[DATASET RECORDS]
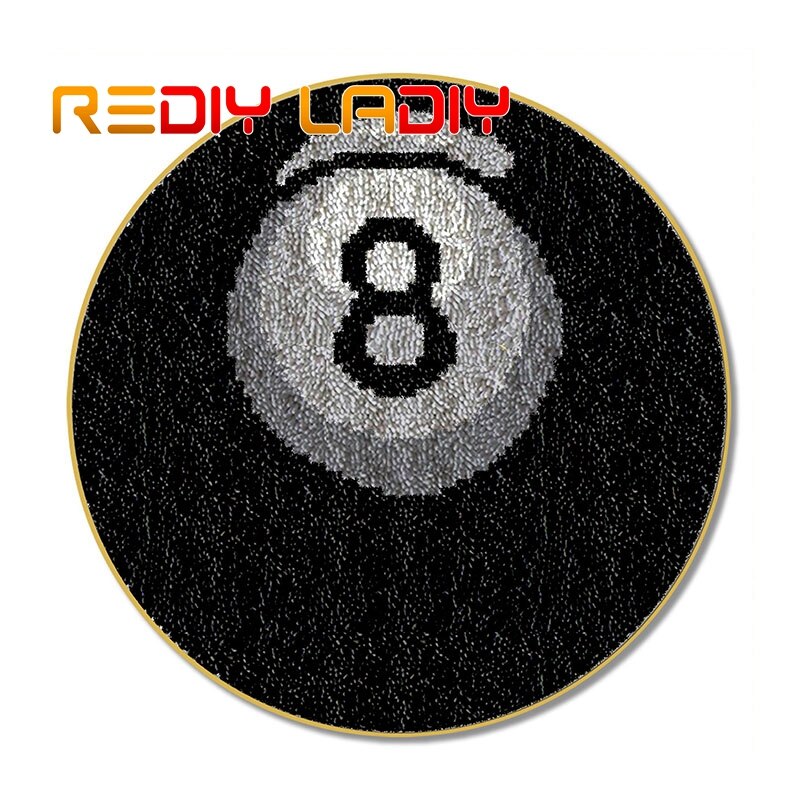 Latch Hook Rug Kits Crocheting Carpet Rug Christmas Wreath Acrylic Yarn Printed Canvas Cushion Mat Crochet Wall Tapestry Crafts: ZD632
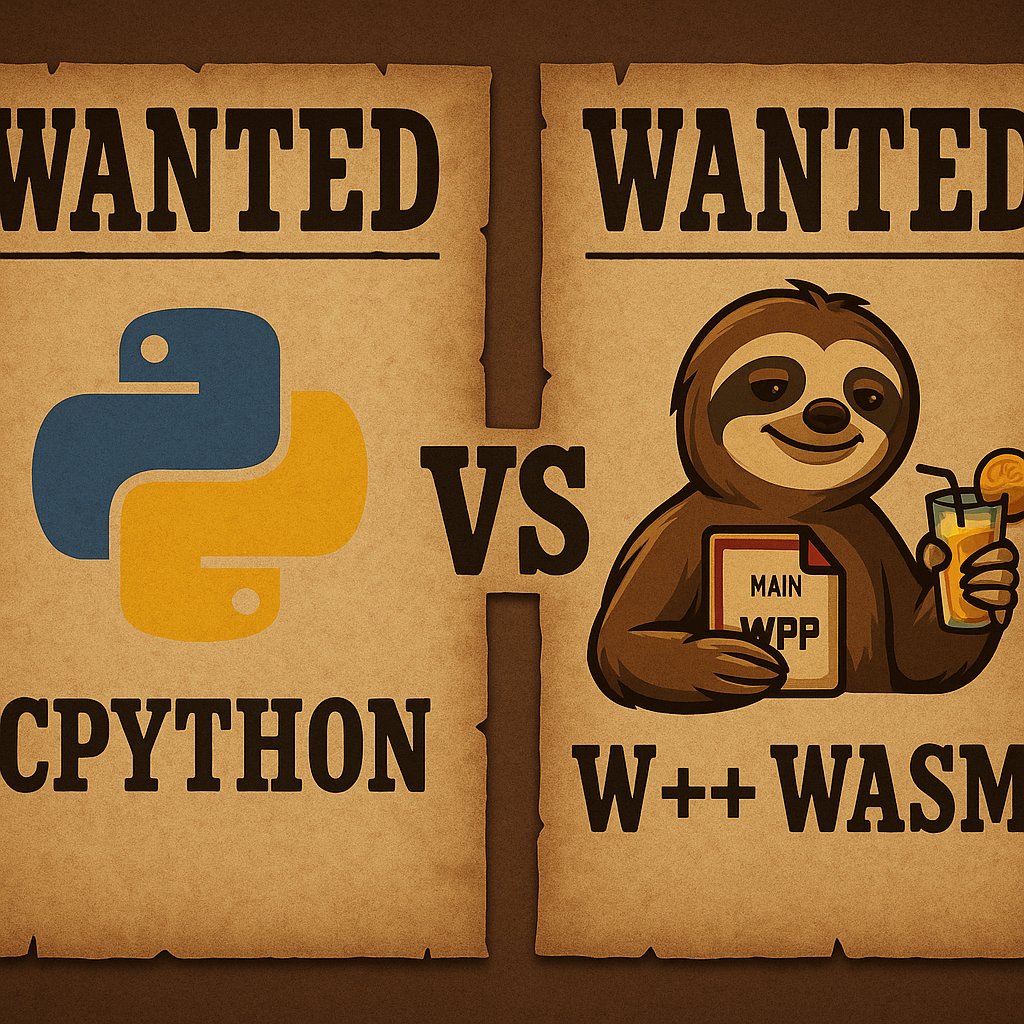 BickelOfek's tweet photo. CPython: "I'm the real Python."
W++: "I compile to WASM and .NET IL. With GC. Powered by sloths."
Meet W++, a chaotic, high-level Python-style language that runs in browsers, compiles to WebAssembly, and breaks expectations.
#WASM #Programming #Python #dotnet #LangDev https://t.co/VdDGdtgSWc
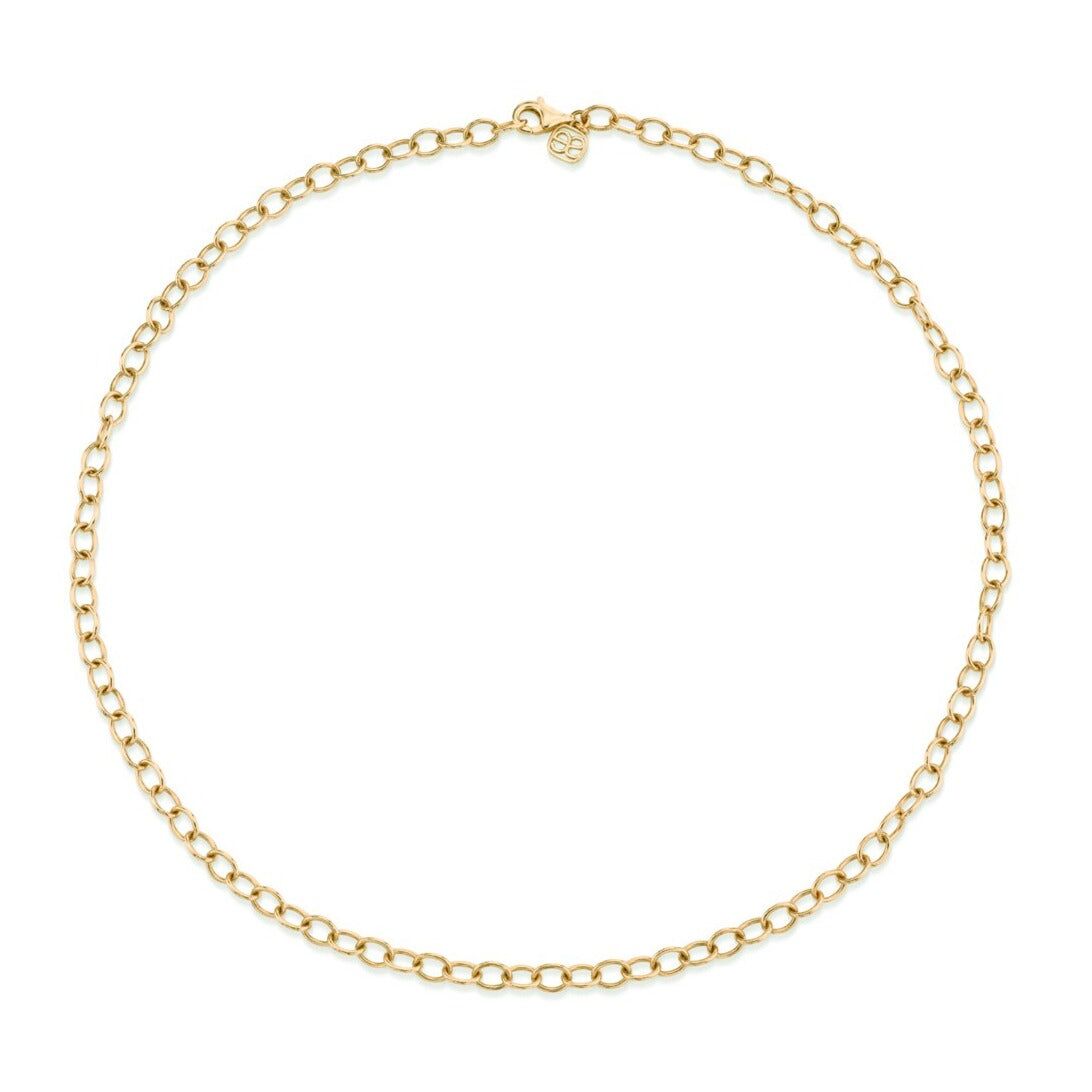 14k gold oval cable chain 2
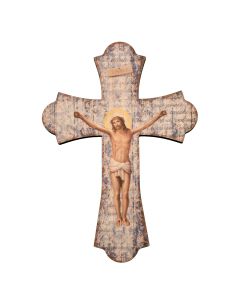 Crucifixion 12" Laser Cut Wood Vintage Cross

[WHAT YOU NEED TO DO] Every entry above is to be set down exactly; the pictures are to be left out.

[SOLUTION FOR THIS PROBLEM]
 Latch Hook Rug Kits Crocheting Carpet Rug Christmas Wreath Acrylic Yarn Printed Canvas Cushion Mat Crochet Wall Tapestry Crafts: ZD632
 BickelOfek's tweet photo. CPython: "I'm the real Python."
W++: "I compile to WASM and .NET IL. With GC. Powered by sloths."
Meet W++, a chaotic, high-level Python-style language that runs in browsers, compiles to WebAssembly, and breaks expectations.
#WASM #Programming #Python #dotnet #LangDev https://t.co/VdDGdtgSWc
 14k gold oval cable chain 2
 Crucifixion 12" Laser Cut Wood Vintage Cross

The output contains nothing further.